Source data:
Content starts
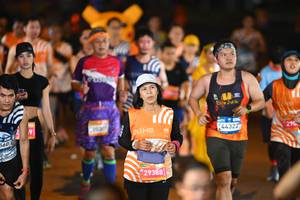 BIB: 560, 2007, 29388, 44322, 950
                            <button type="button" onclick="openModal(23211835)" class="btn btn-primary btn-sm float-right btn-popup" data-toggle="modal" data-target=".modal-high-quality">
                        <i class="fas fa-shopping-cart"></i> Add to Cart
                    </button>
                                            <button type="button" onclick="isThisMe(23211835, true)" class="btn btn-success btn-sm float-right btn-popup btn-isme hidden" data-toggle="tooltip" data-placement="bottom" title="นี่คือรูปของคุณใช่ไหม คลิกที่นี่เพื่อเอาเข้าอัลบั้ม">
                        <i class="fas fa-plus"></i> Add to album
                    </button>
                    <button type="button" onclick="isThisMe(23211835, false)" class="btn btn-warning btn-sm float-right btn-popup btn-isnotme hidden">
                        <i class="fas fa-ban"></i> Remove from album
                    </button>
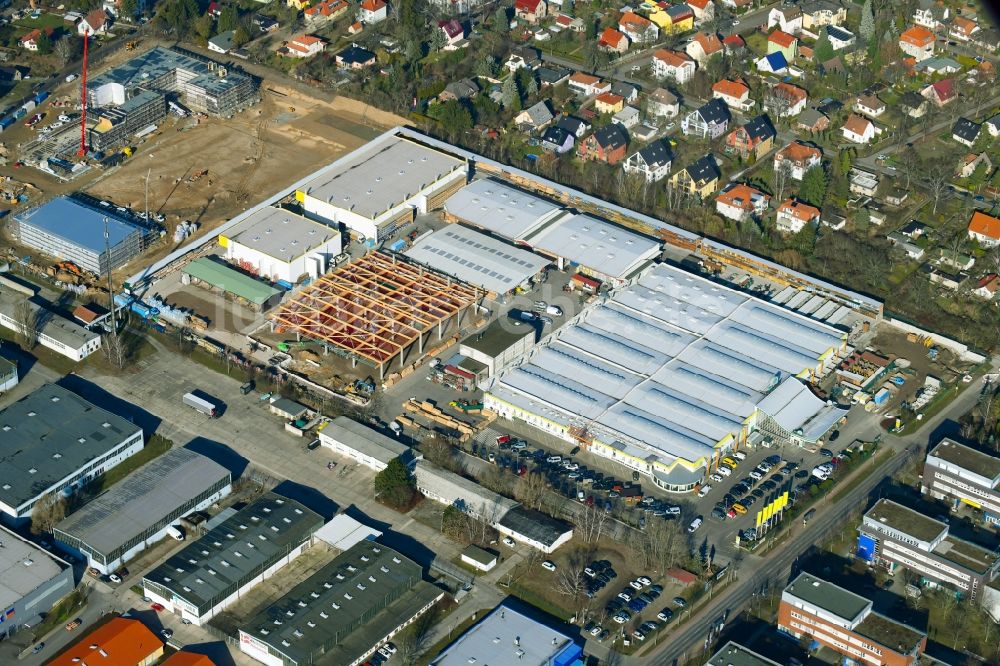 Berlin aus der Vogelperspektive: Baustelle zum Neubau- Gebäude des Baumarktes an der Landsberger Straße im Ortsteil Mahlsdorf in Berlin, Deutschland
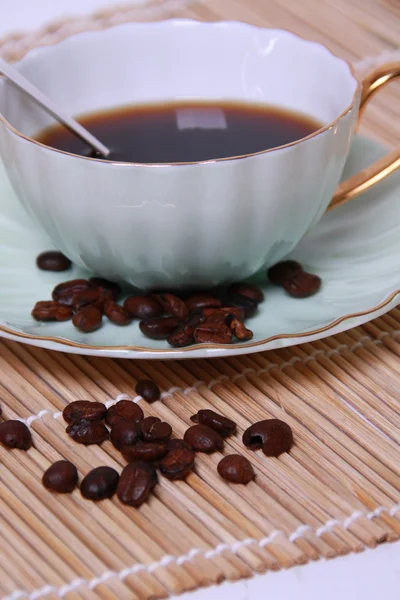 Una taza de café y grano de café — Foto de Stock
Content ends
Content starts
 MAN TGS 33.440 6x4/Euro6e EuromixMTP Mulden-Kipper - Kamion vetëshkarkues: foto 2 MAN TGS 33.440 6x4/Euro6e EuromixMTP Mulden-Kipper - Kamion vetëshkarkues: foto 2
Content ends
All lines in the listing above between the line with "Add to Cart" and the line with "Remove from album", inclusive, should be set down exactly, and no line outside that range.

                        <i class="fas fa-shopping-cart"></i> Add to Cart
                    </button>
                                            <button type="button" onclick="isThisMe(23211835, true)" class="btn btn-success btn-sm float-right btn-popup btn-isme hidden" data-toggle="tooltip" data-placement="bottom" title="นี่คือรูปของคุณใช่ไหม คลิกที่นี่เพื่อเอาเข้าอัลบั้ม">
                        <i class="fas fa-plus"></i> Add to album
                    </button>
                    <button type="button" onclick="isThisMe(23211835, false)" class="btn btn-warning btn-sm float-right btn-popup btn-isnotme hidden">
                        <i class="fas fa-ban"></i> Remove from album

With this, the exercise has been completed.